Исаия, rozdział 1
- Widzenie Izajasza, syna Amosa, które miał w sprawie Judy i Jerozolimy, w czasach królów judzkich: Ozjasza, Jotama, Achaza i Ezechiasza.
- Niebiosa, słuchajcie, ziemio, nadstaw uszu, bo Pan przemawia: Wykarmiłem i wychowałem synów, lecz oni wystąpili przeciw Mnie.
- Wół rozpoznaje swego pana i osioł żłób swego właściciela, Izrael na niczym się nie zna, lud mój niczego nie rozumie.
- Biada ci, narodzie grzeszny, ludu obciążony nieprawością, plemię zbójeckie, dzieci wyrodne! Opuścili Pana, wzgardzili Świętym Izraela, odwrócili się wstecz.

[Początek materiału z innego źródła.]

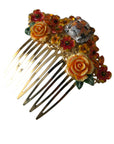 Dolce & Gabbana Gold Brass Crystal Leopard Floral Hair Comb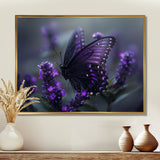 Purple black Butterfly beauty on flower - Butterfly Canvas Wall Art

- Gdzie was jeszcze uderzyć, skoro mnożycie przestępstwa? Cała głowa chora, całe serce osłabłe;
- od stopy nogi do szczytu głowy nie ma w nim części nietkniętej: rany i sińce i opuchnięte pręgi, nie opatrzone ani przewiązane, nie złagodzone oliwą.
- Kraj wasz spustoszony, wasze miasta ogniem spalone, cudzoziemcy tratują wam niwy na waszych oczach: spustoszenie jak po zagładzie Sodomy.

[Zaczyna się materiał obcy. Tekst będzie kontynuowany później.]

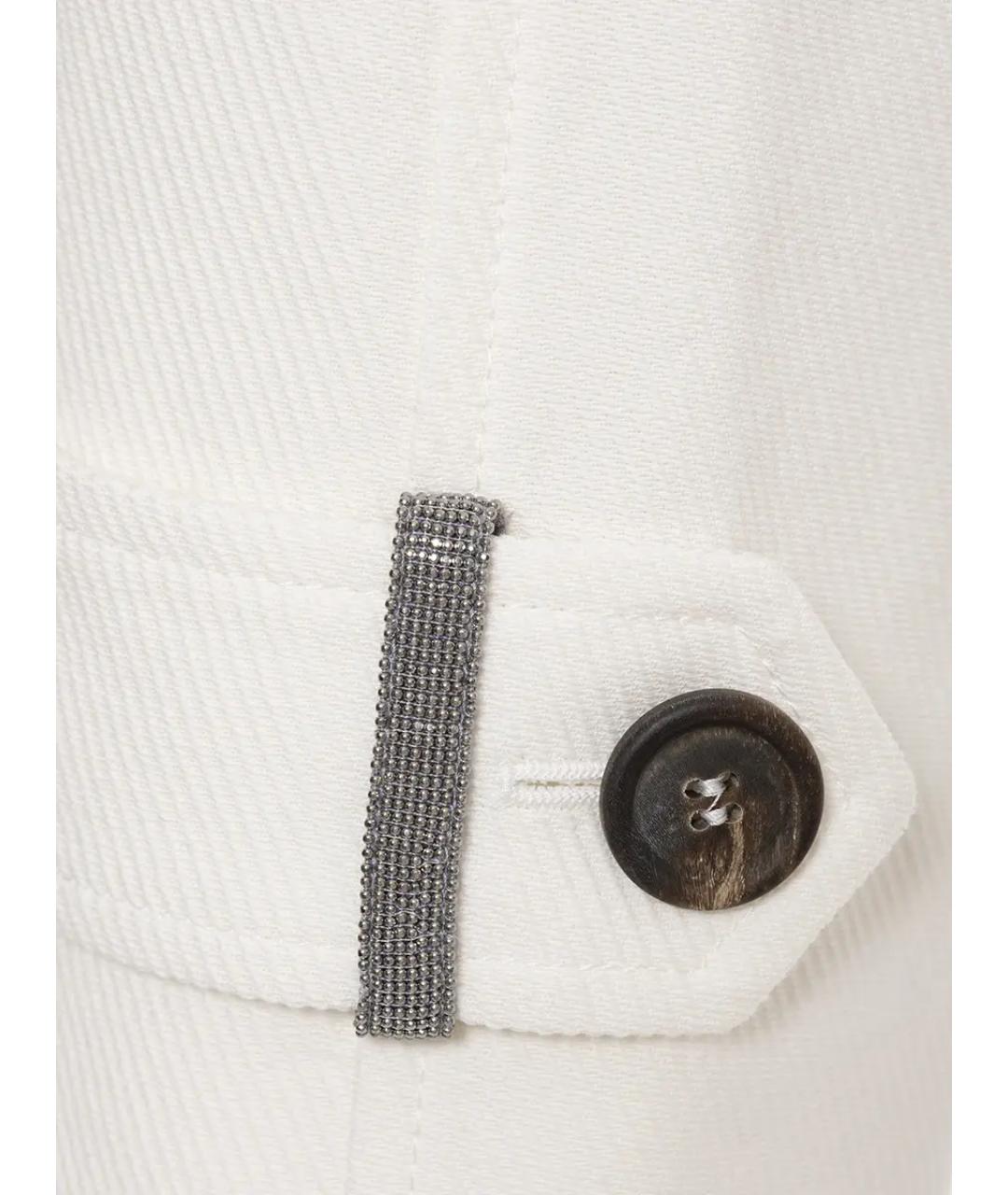 BRUNELLO CUCINELLI Белый хлопковый жакет/пиджак, фото 3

- Córa Syjonu ostała się jak chatka w winnicy, jak szałas w ogrodzie warzywnym, jak miasto oblężone.
- Gdyby nam Pan Zastępów nie zostawił Reszty, stalibyśmy się jak Sodoma, podobni bylibyśmy Gomorze.
- Słuchajcie słowa Pańskiego, wodzowie sodomscy, daj posłuch prawu naszego Boga, ludu Gomory!
- Co mi po mnóstwie waszych ofiar? — mówi Pan. Syt jestem całopalenia kozłów i łoju tłustych cielców. Krew wołów i baranów, i kozłów mi obrzydła.
- Gdy przychodzicie, by stanąć przede Mną, kto tego żądał od was, żebyście wydeptywali me dziedzińce?
- Przestańcie składania czczych ofiar! Obrzydłe Mi jest wznoszenie dymu; święta nowiu, szabaty, zwoływanie świętych zebrań… Nie mogę ścierpieć świąt i uroczystości.
- Nienawidzę całą duszą waszych świąt nowiu i obchodów; stały Mi się ciężarem; sprzykrzyło Mi się je znosić!
- Gdy wyciągniecie ręce, odwrócę od was me oczy. Choćbyście nawet mnożyli modlitwy, Ja nie wysłucham. Ręce wasze pełne są krwi.
- Obmyjcie się, czyści bądźcie! Usuńcie zło uczynków waszych sprzed moich oczu! Przestańcie czynić zło!
- Zaprawiajcie się w dobrem! Troszczcie się o sprawiedliwość, wspomagajcie uciśnionego, oddajcie słuszność sierocie, w obronie wdowy stawajcie!
- Chodźcie i spór ze Mną wiedźcie! — mówi Pan. Choćby wasze grzechy były jak szkarłat, jak śnieg wybieleją; choćby czerwone jak purpura, staną się jak wełna.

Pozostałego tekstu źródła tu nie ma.